Contributing

Contributions are welcome, and they are greatly appreciated! Every little bit helps, and credit will always be given.

Submit Feedback

If you are proposing a feature:

  • Explain in detail how it would work.
  • Keep the scope as narrow as possible, to make it easier to implement.

Development Workflow

The workflow supports the following steps

  • lint
  • test
  • build
  • document
  • upload
  • graph

These actions are supported out of the box by the corresponding scripts under _CI/scripts directory with sane defaults based on best practices. Sourcing setup_aliases.ps1 for windows powershell or setup_aliases.sh in bash on Mac or Linux will provide with handy aliases for the shell of all those commands prepended with an underscore.

The bootstrap script creates a .venv directory inside the project directory hosting the virtual environment. It uses pipenv for that. It is called by all other scripts before they do anything. So one could simple start by calling _lint and that would set up everything before it tried to actually lint the project

Once the code is ready to be delivered the _tag script should be called accepting one of three arguments, patch, minor, major following the semantic versioning scheme. So for the initial delivery one would call

$ _tag –minor

which would bump the version of the project to 0.1.0 tag it in git and do a push and also ask for the change and automagically update HISTORY.rst with the version and the change provided.

So the full workflow after git is initialized is:

  • repeat as necessary (of course it could be test - code - lint :) ) * code * lint * test
  • commit and push
  • develop more through the code-lint-test cycle
  • tag (with the appropriate argument)
  • build
  • upload (if you want to host your package in pypi)
  • document (of course this could be run at any point)

Important Information

This template is based on pipenv.
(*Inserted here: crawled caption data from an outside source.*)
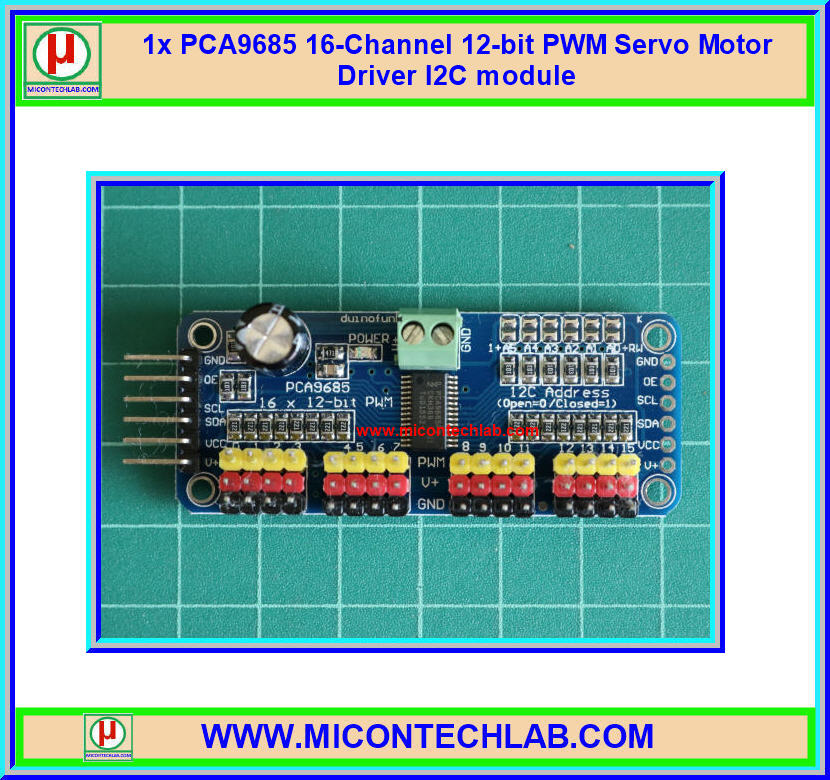 1x แผงวงจรควบคุมเซอร์โว PCA9685 16-Channel 12-bit I2C
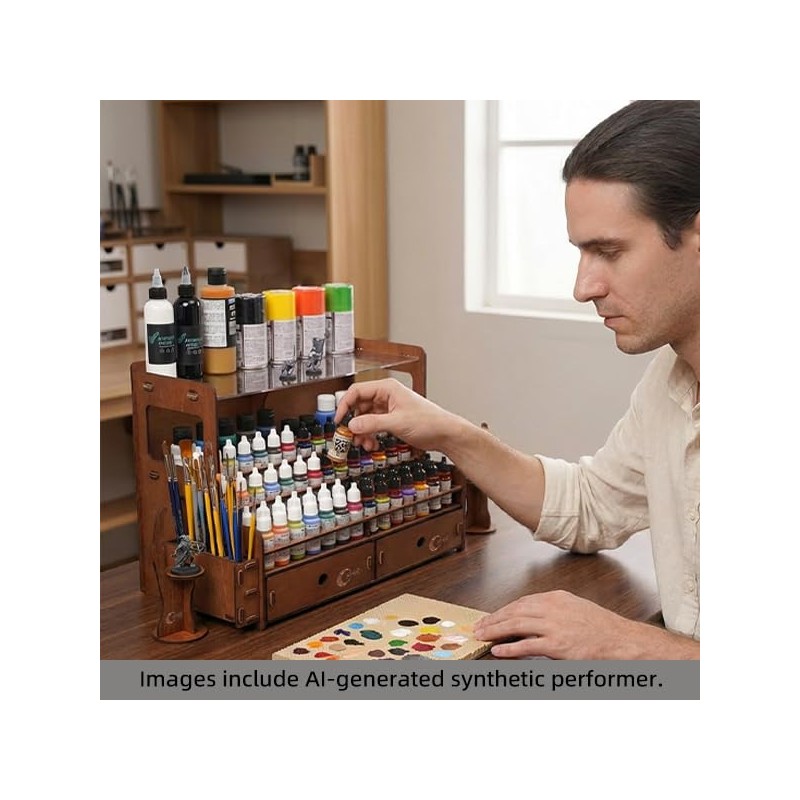 OPHIR Wooden Paint Organizer for 104 Bottles with 2 Brush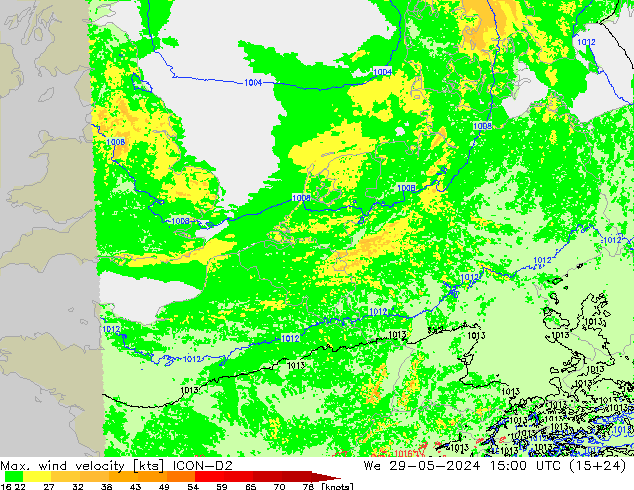 Max. wind velocity ICON-D2  29.05.2024 15 UTC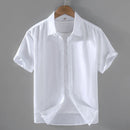 Men's Short-Sleeved Shirt Cotton Linen Casual Stand Collar Plus Size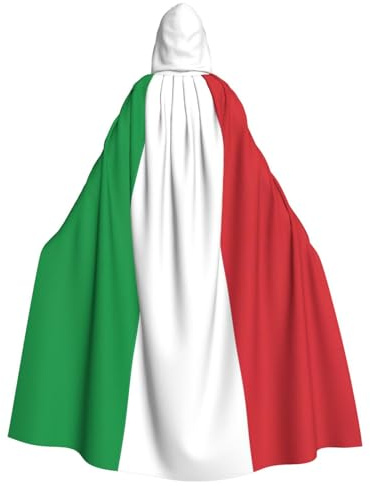 RRhgipp Italy Flag Hooded Cloak Long Cape Grim Reaper Vampire Witch Carnival Halloween Wizard Costume 58inch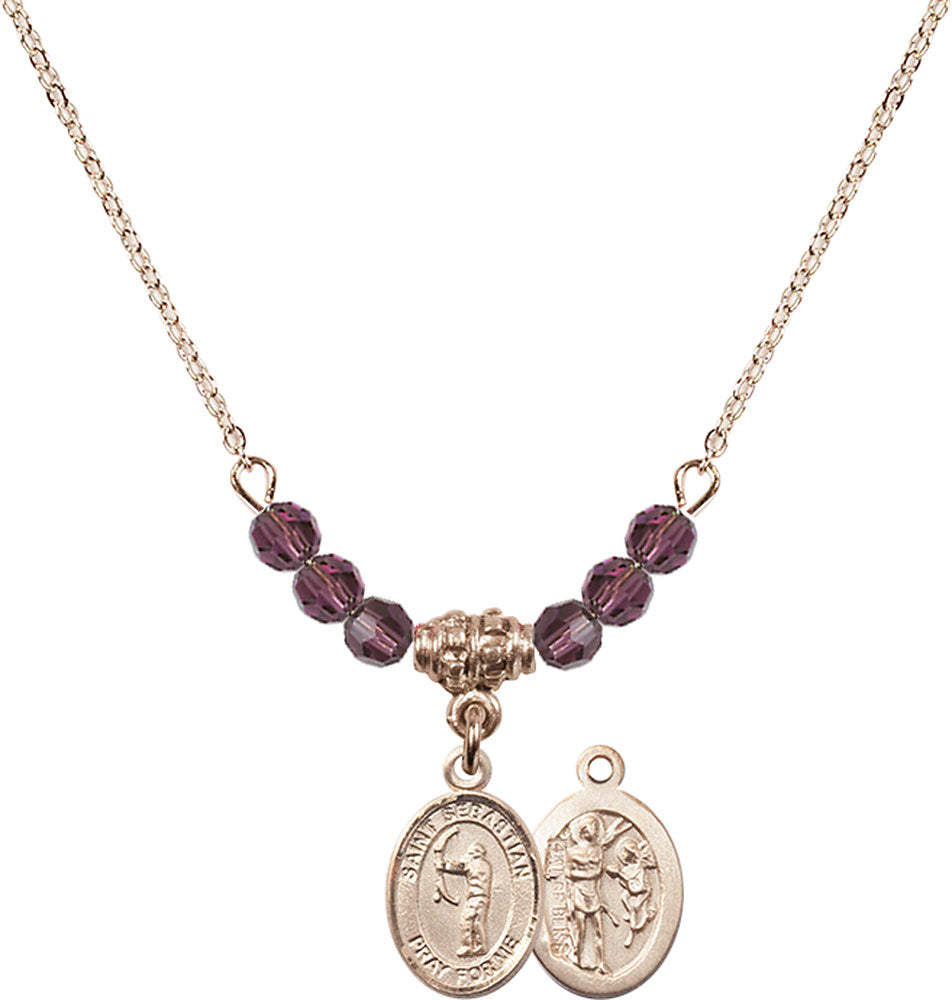 14kt Gold Filled Saint Sebastian / Archery Birthstone Necklace with Amethyst Beads - 9189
In order to be compatible with requirements.txt so the actual created package can be used by any part of the existing python ecosystem some hacks were needed. So when building a package out of this do not simple call

$ python setup.py sdist bdist_egg

as this will produce an unusable artifact with files missing. Instead use the provided build and upload scripts that create all the necessary files in the artifact.

Get Started!

Ready to contribute? Here’s how to set up stravapi for local development. Using of pipenv is highly recommended.

  1. Clone your fork locally:

    $ git clone https://github.com/wefner/stravapi
    
  2. Install your local copy into a virtualenv. Assuming you have pipenv installed, this is how you set up your clone for local development:

    $ cd stravapi/
    $ pipenv install --ignore-pipfile
    
  3. Create a branch for local development:

    $ git checkout -b name-of-your-bugfix-or-feature
    

    Now you can make your changes locally. Do your development while using the CI capabilities and making sure the code passes lint, test, build and document stages.

  4. Commit your changes and push your branch to the server:

    $ git add .
    $ git commit -m "Your detailed description of your changes."